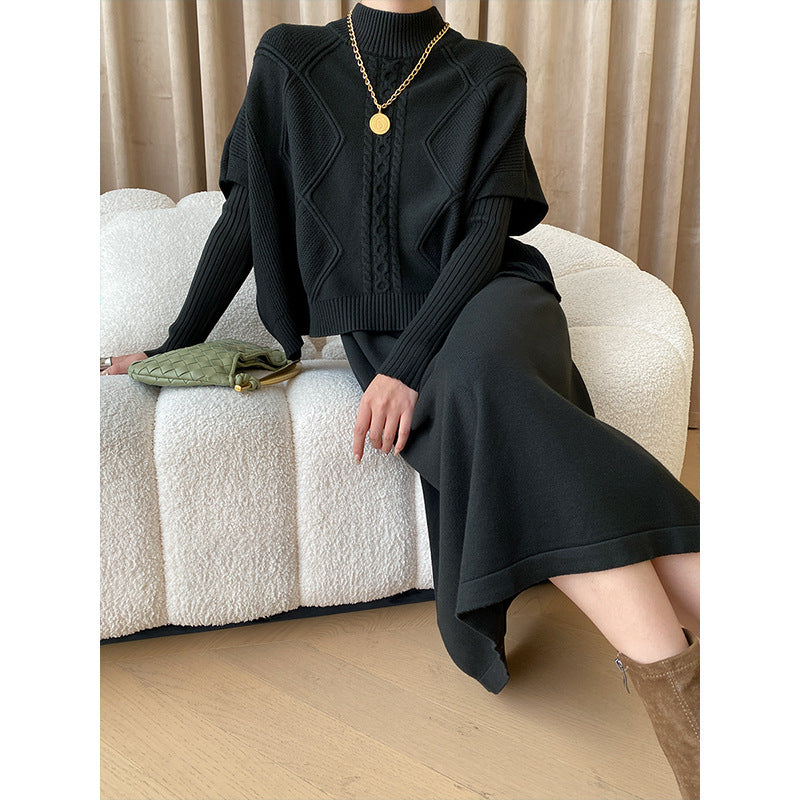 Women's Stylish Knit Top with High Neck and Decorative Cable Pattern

* * *

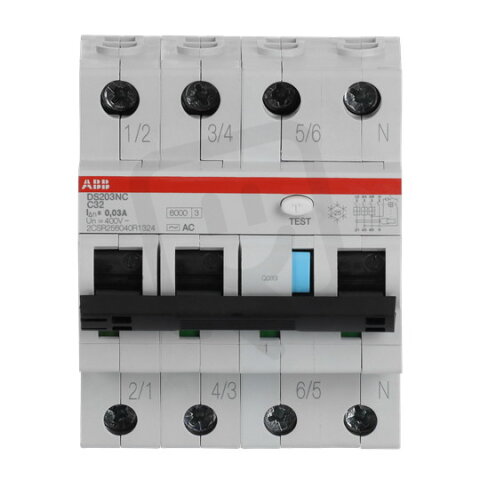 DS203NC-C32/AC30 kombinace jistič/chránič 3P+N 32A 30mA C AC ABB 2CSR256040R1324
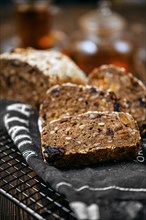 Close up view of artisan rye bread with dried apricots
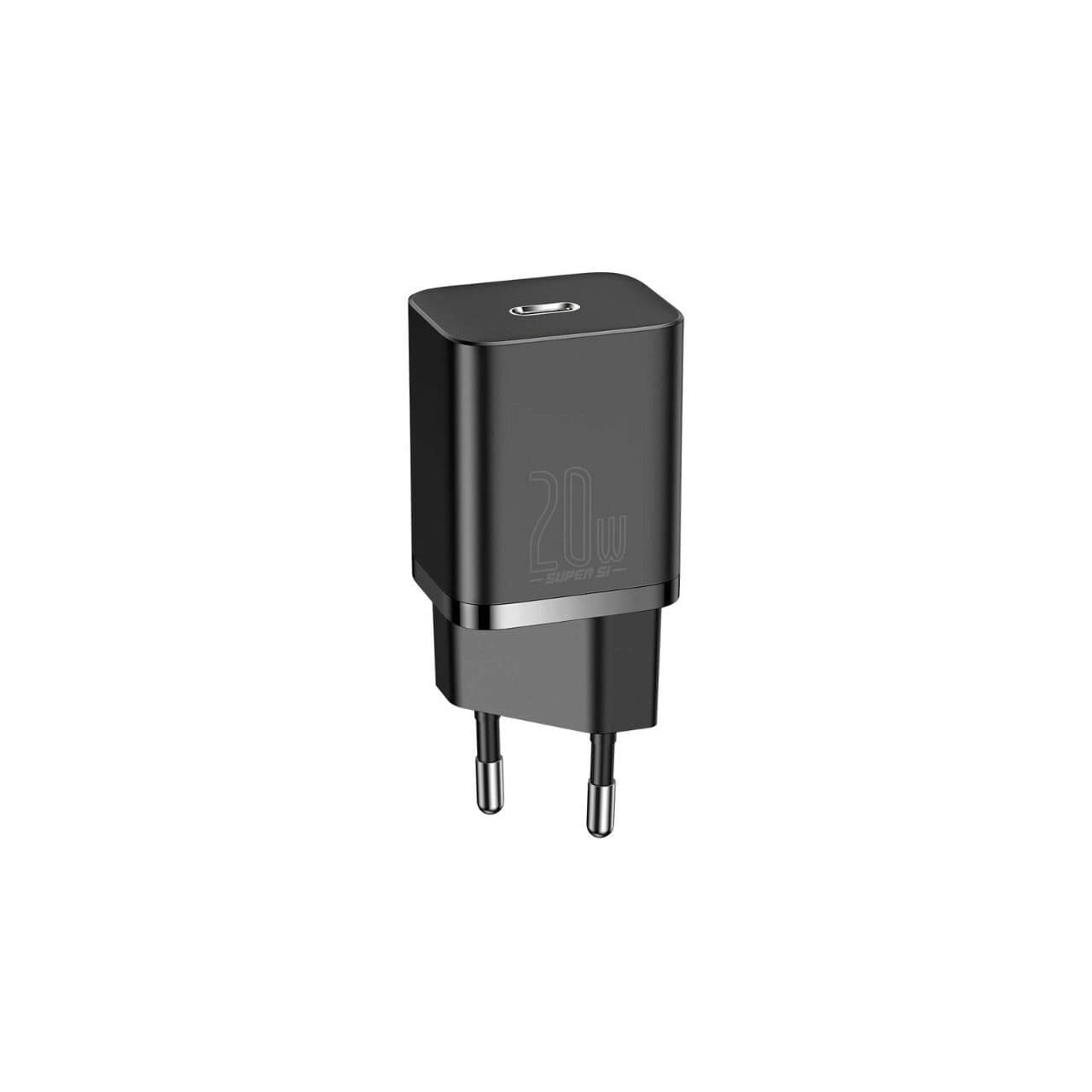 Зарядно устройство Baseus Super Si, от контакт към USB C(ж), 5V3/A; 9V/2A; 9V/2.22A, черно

==

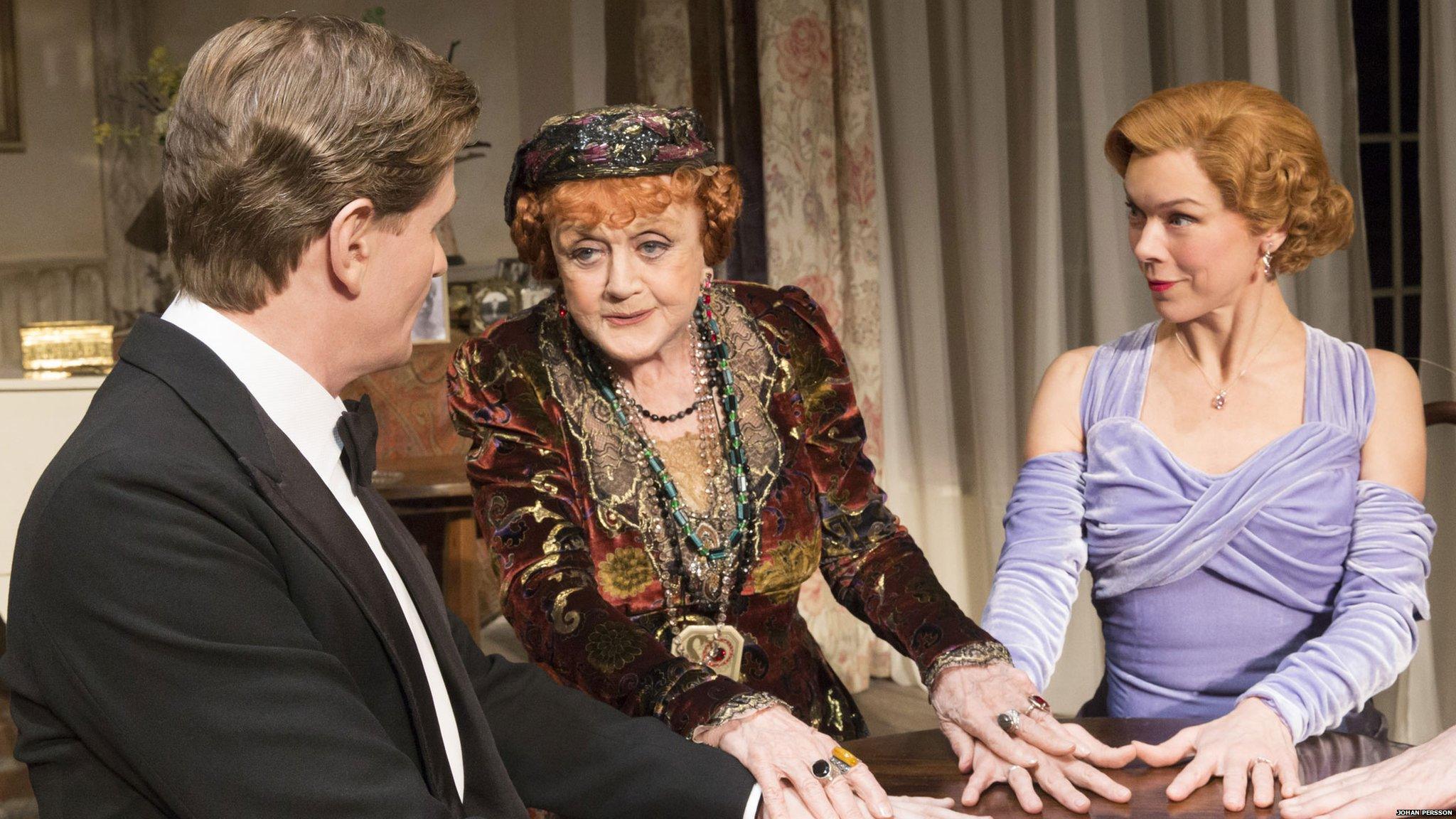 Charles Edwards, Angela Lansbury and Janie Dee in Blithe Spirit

▸ ASSIGNMENT
After locating the line containing "Close up view" in the entries above, return it and every line after it exactly, ending at the line containing "Зарядно устройство Baseus", without pictures.

▸ SOLUTION
 Close up view of artisan rye bread with dried apricots
 Зарядно устройство Baseus Super Si, от контакт към USB C(ж), 5V3/A; 9V/2A; 9V/2.22A, черно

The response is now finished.